Toolkit Overlook
The Brevity toolkit is designed to be both flexible and simple to use. As you can see from the list of functions, it is very easy to integrate Brevity into your project. The main two functions you will use are brCreateSummarizer and brDeleteSummarizer. These create and delete the Brevity object. Whenever you start or finish using the summarizer you must call these functions. Brevity will not work without them.
What is significant within a document depends upon the type of documents you are looking at and the type of information you are looking for. Brevity works by comparing a document to a set of similar documents. For instance if you were summarizing a news feed of political news you would wish to compare your text to political news stories not physics papers. Likewise lawyers summarizing legal papers would wish to compare their paper to other legal documents of the same type. Brevity stores this document information in a Summary Dictionary. We supply several dictionaries with Brevity. These are dictionaries designed for general categories of documents. For more specialized needs we supply a utility that will generate a dictionary from a collection of documents you supply. To specify the dictionary Brevity will use call brSetDictionary.

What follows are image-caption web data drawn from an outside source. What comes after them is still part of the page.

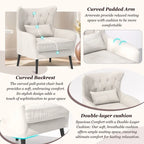 Sillón de terciopelo capitoné con orejeras, de un solo asiento – Azul marino / Negro / Blanco / Gris / Rosa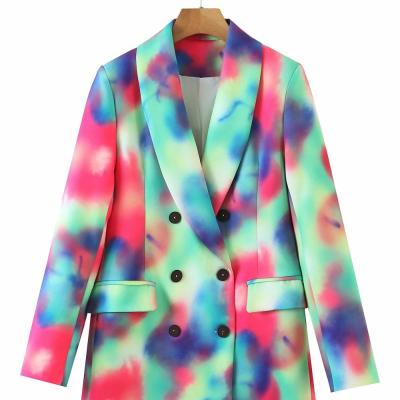 China 2020 Viable Cross Tie Dye Blazers Women Ladies Straight Crossed Casual Coat Office Ladies Autumn Coat for sale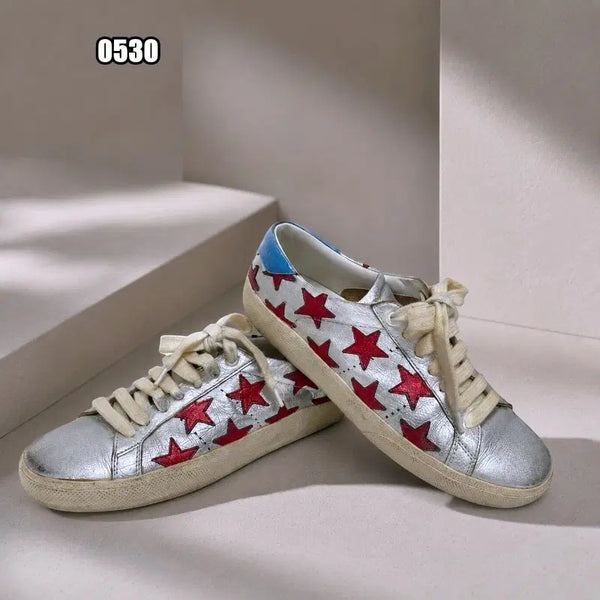 [BUNJANG] Saint Laurent Paris Silver & Red Metallic Star Sneakers / 생로랑 파리 실버 & 레드 메탈릭 스타 스니커즈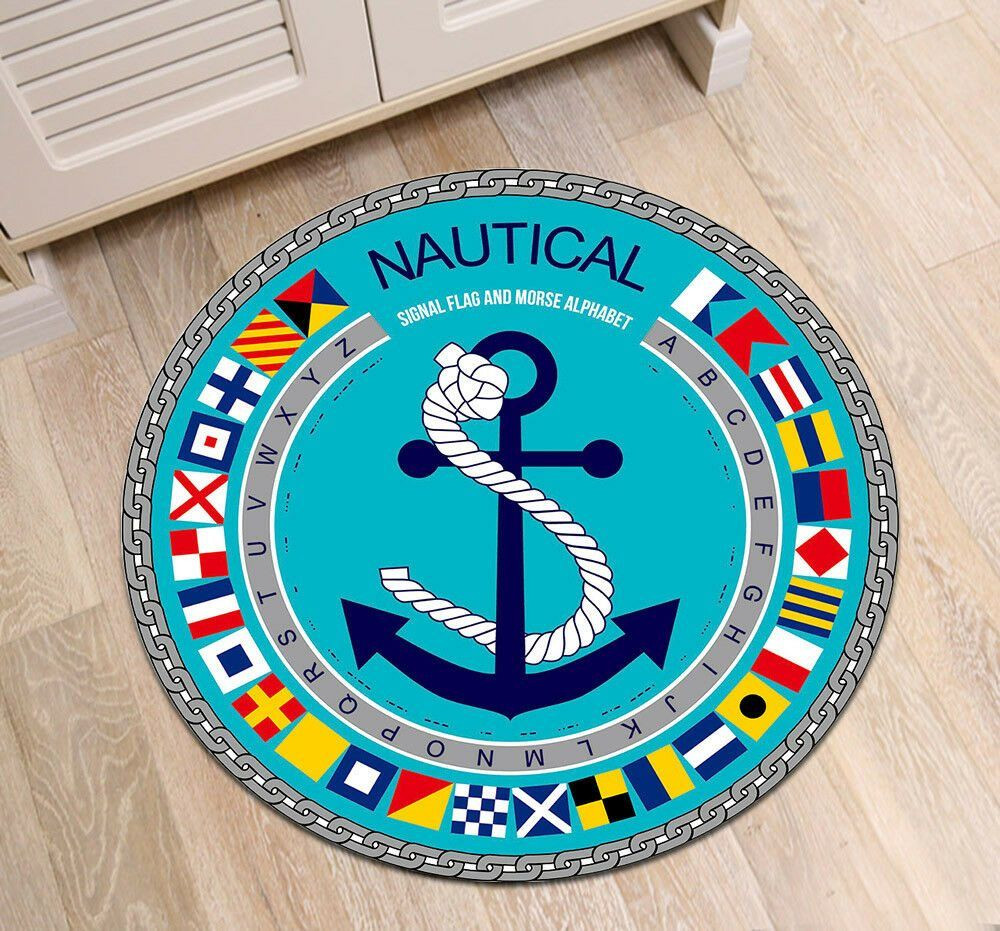 Nautical Anchor Round Rug Carpet Bedroom Livingroom Home Decor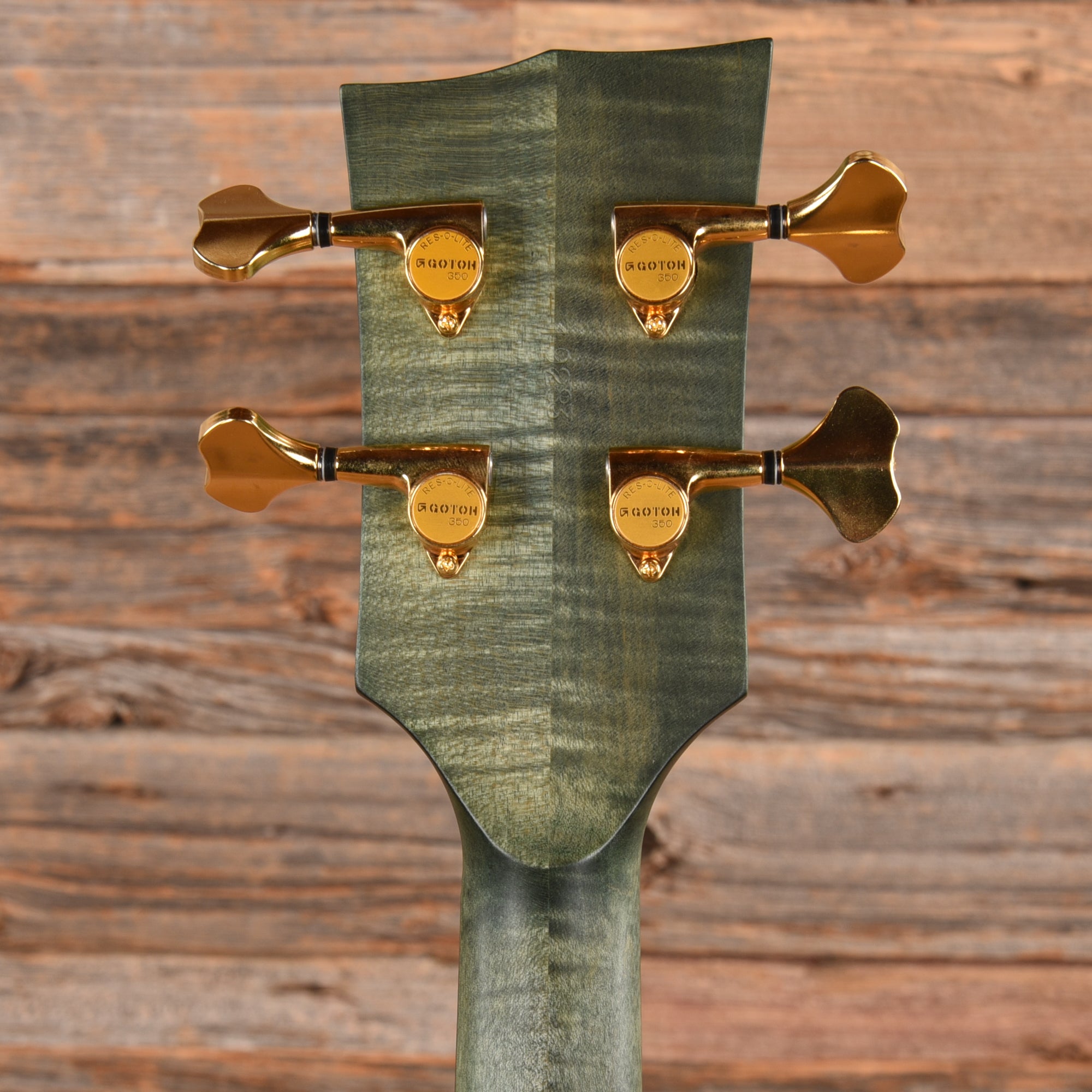 Dunable R2 Burl Top Bass w/Bigfoot Pickup & Built in Pipe Transparent Green 2020 Bass Guitars / 4-String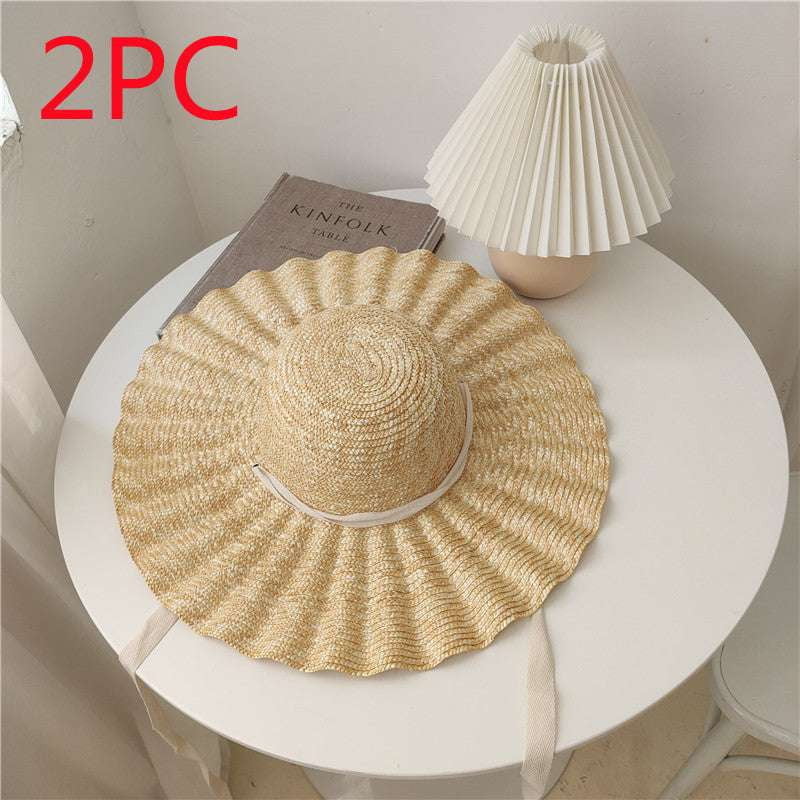 Dome Brim Hat, Stylish Beach Hat, Wavy Straw Hat - available at Sparq Mart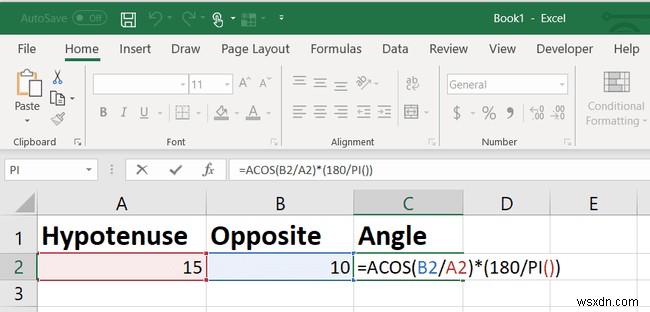 Hàm TAN trong Excel:Cách tìm góc tiếp tuyến
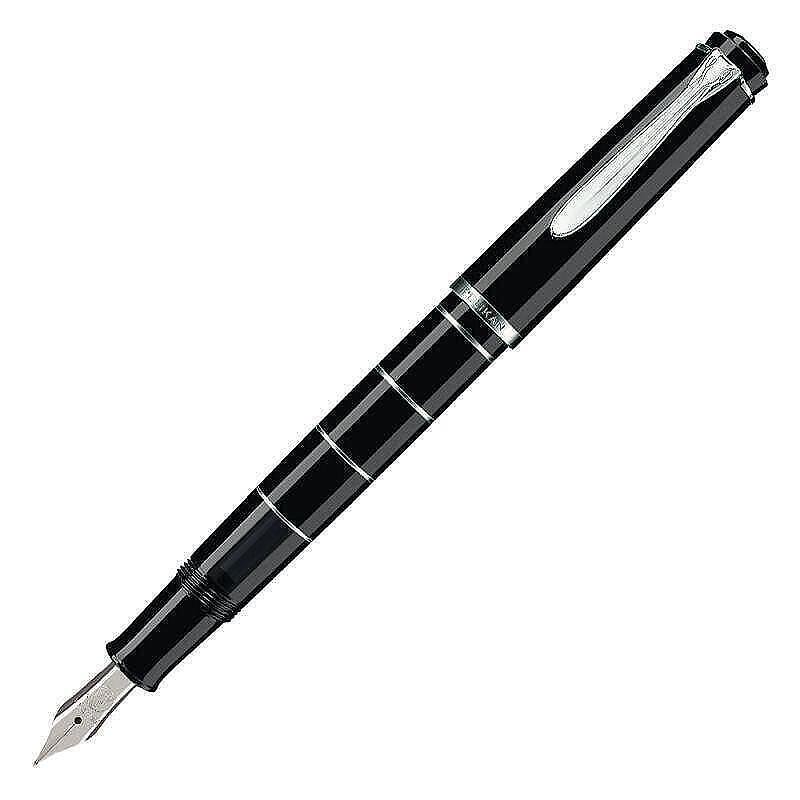 Писалка Pelikan - 215 Series, Black/Silver, F перо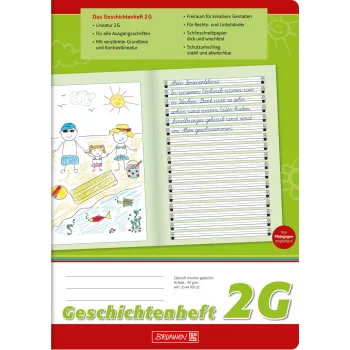 BRUNNEN quaderno delle storie rigatura 2G rigato DIN A4 senza margine 16 fogli
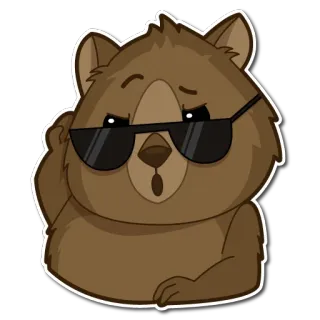 😎 bear, sunglasses, cartoon, animal, emoji telegram sticker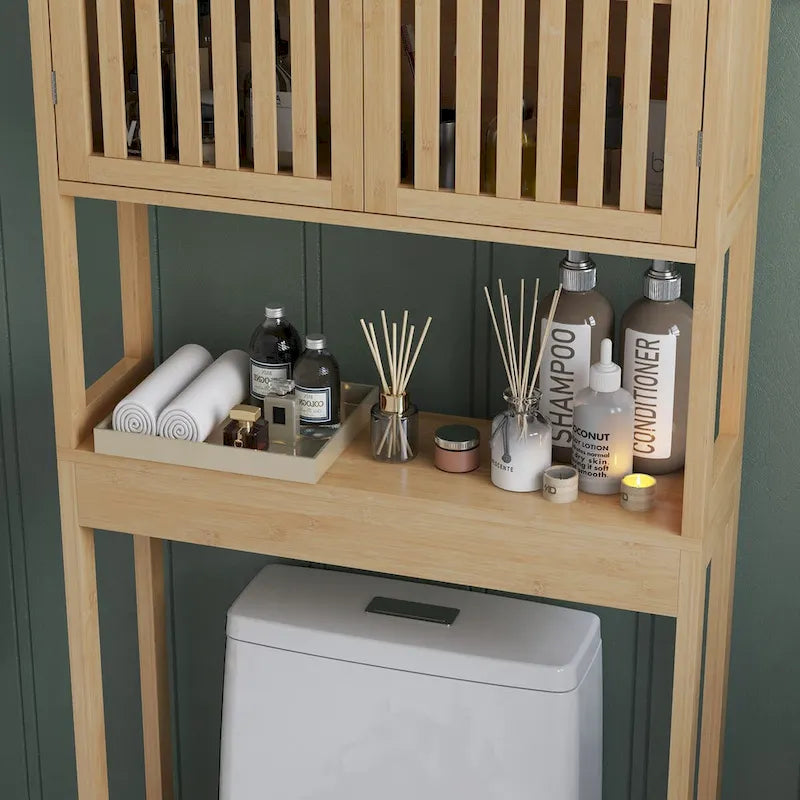 HOMCOM Bamboo Over the Toilet Storage Cabinet, Over Toilet Bathroom Organizer with Slatted Doors, Adjustable Shelf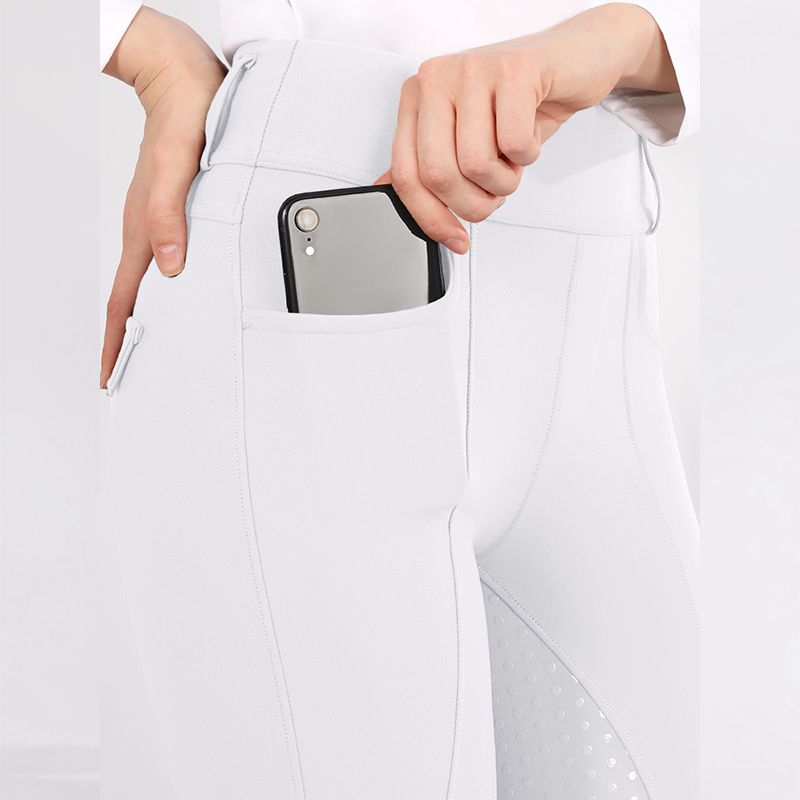 Ladies Full Seat Breeches Silicon (White)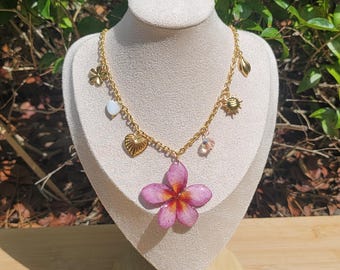 Pink Plumeria Gold plated stainless steel charm necklace|women&#39;s jewelry|Gift for her|Unique accessories|preserved frangipani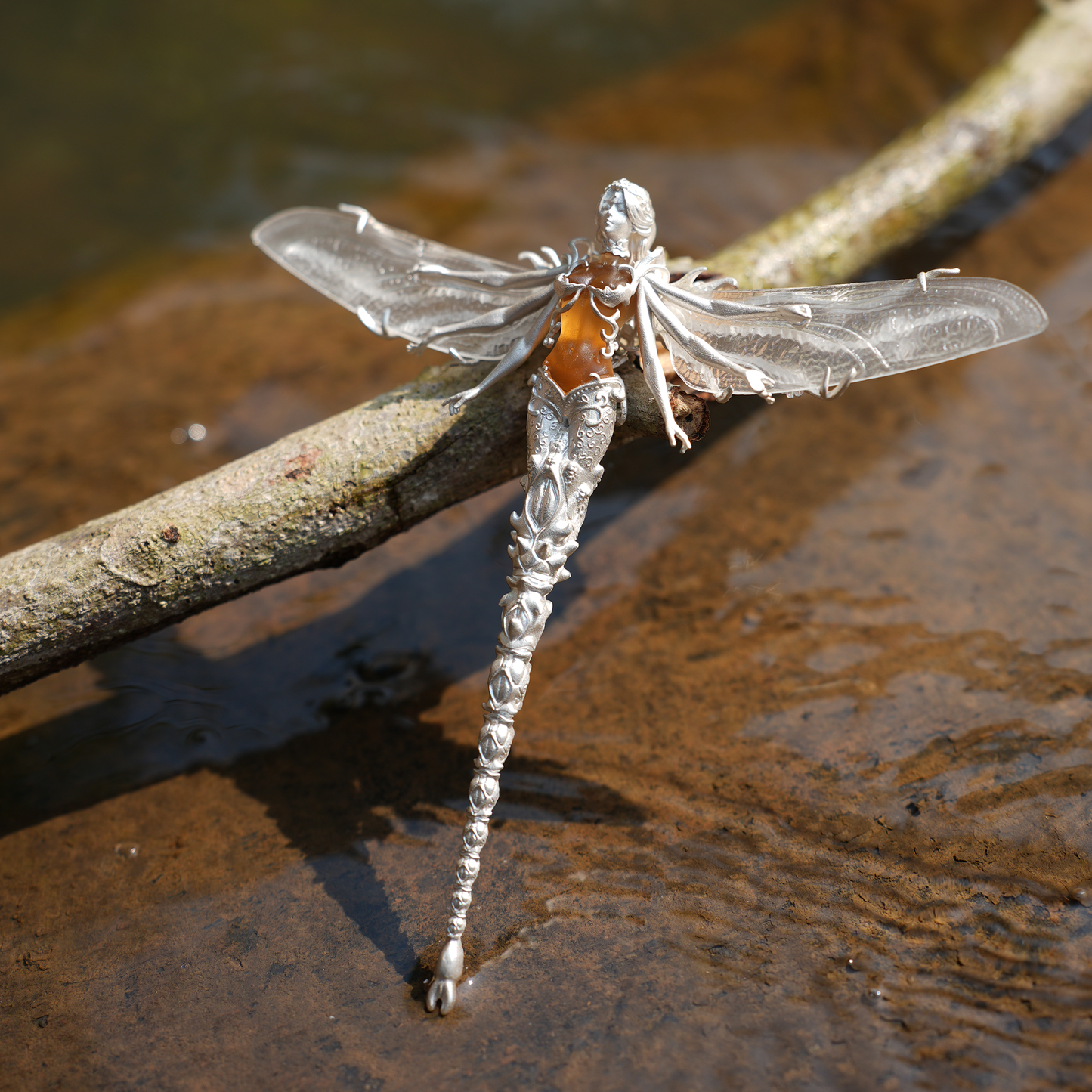 Mystic Dragonfly Jewelry | 925 Silver & Citrine | Brooch & Pendant in One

There are two ways to summarize text. You can tell Brevity to either summarize a data file on disk or pass Brevity a buffer to text stored in memory. This enables you to decide what is easiest for your particular project. In most cases it is easiest to simply pass Brevity a memory buffer. Be sure that the text you pass Brevity has the formatting removed from it first.
Brevity can return your summary in two different ways. The easiest and most common way is to have Brevity generate a paragraph of text that it returns in a buffer. The summary can be as short or as long as you wish. How long you wish to make the summary depends upon the types of texts you are summarizing and their length. In general you might wish to start with a summary of 200 words and adjust this up or down based upon your own particular data. After you have decided what meets your needs best you can hard-code it into your code. We find that for news stories as found on the Internet or in newspapers that a length of about 100 words works great. For technical articles as found in most journals a length of 200 words is best.
The second way Brevity can summarize your text is by returning a series of offsets into your text. Each offset is the location of a significant sentence in your text. You can use this function to highlight sentences in your document that your users may think of as significant. You might then allow the user to click on the sentence to go to that sentence in the original text. This allows you to not only summarize a text but allow the user to move within your original document. This also allows you to retrieve formatting information from your original text for display, if necessary.